Saturday, May 30, 2015

One event, three observations


The event:
Adolescents in a Toronto are vehemently protesting their high school dress code, specifically the injunction against clothing which exposes girls' midriffs. The piece of clothing in  contention was once called a halter top. Young girls believe they have discovered something new because haberdashers now call them crop tops.

Observation One:
"Youth due to its limited experience, tends to gravitate to absolutes.
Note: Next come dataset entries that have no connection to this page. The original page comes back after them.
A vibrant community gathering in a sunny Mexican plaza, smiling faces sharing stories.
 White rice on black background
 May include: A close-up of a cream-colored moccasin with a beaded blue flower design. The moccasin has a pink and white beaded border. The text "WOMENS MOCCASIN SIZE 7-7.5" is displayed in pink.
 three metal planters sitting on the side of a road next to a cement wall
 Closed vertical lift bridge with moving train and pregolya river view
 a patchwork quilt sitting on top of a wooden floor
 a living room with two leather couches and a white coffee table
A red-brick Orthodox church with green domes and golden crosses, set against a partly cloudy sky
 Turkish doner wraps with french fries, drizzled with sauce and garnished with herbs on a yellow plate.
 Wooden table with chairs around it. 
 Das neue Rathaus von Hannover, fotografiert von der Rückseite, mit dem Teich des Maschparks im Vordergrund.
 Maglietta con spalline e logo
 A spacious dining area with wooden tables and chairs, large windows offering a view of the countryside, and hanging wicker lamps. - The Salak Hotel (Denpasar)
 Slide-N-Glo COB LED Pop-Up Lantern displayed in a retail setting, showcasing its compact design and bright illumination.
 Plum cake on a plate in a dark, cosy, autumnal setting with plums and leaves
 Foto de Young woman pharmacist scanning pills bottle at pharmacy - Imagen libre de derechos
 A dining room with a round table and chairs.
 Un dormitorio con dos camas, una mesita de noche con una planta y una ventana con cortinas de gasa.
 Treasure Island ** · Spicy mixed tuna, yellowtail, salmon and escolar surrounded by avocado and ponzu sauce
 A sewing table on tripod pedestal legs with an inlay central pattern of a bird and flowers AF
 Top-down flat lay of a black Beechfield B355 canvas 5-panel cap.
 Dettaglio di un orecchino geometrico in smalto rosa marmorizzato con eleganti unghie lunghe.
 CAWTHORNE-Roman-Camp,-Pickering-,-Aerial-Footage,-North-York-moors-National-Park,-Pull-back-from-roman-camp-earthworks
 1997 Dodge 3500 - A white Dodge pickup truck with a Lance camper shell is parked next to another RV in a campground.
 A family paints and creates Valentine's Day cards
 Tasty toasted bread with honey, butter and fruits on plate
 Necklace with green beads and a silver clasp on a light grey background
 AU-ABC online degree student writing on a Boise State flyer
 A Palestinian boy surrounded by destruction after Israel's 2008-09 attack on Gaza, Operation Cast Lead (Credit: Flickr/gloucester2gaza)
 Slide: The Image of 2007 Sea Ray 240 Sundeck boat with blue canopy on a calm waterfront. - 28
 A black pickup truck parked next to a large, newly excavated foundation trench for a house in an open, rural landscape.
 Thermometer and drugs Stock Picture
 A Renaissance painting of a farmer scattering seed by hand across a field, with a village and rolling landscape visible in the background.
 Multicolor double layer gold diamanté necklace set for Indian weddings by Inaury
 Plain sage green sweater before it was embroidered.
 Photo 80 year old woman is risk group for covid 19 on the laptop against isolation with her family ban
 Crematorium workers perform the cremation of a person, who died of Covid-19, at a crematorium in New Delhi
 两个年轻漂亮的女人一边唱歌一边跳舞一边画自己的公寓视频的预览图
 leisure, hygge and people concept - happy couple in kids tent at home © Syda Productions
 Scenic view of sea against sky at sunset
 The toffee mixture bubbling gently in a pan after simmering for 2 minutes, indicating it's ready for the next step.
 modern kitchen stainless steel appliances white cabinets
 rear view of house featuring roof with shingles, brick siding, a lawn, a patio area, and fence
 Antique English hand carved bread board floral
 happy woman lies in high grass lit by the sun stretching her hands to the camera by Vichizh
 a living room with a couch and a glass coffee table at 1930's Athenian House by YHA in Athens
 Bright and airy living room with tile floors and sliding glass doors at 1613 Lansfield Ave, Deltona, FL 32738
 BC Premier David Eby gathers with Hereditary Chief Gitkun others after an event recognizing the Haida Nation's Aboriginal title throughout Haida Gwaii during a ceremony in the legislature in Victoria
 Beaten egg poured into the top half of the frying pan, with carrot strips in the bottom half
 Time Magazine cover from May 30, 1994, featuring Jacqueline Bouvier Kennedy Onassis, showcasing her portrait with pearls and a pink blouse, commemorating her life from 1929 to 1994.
If it rejects, with cause, the absolutes of U.S. policy, it moves easily to separate but equal absolutisms."
               --- Rick Salutin, Toronto Star, May 29, 2015.

Observation Two:
"The young, at an age when they have not yet any experience other than sexual, when they do not yet have years of personal suffering and personal understanding behind them, are jubilantly repeating our depraved Russian blunders of the Nineteenth Century under the impression they are discovering something new . . . But of those who have lived more and understand, those who could oppose these young, many do not dare oppose. They even such suck up, anything not to appear conservative. Another Russian phenomenon of the Nineteenth Century which Dostoevsky called "slavery to progressive quirks."
                --- Alexandr Solzhenitsyn, Nobel Lecture in Literature 1970

Observation Three:
Recently, I saw a reference to "the ethical sensitivity of youth."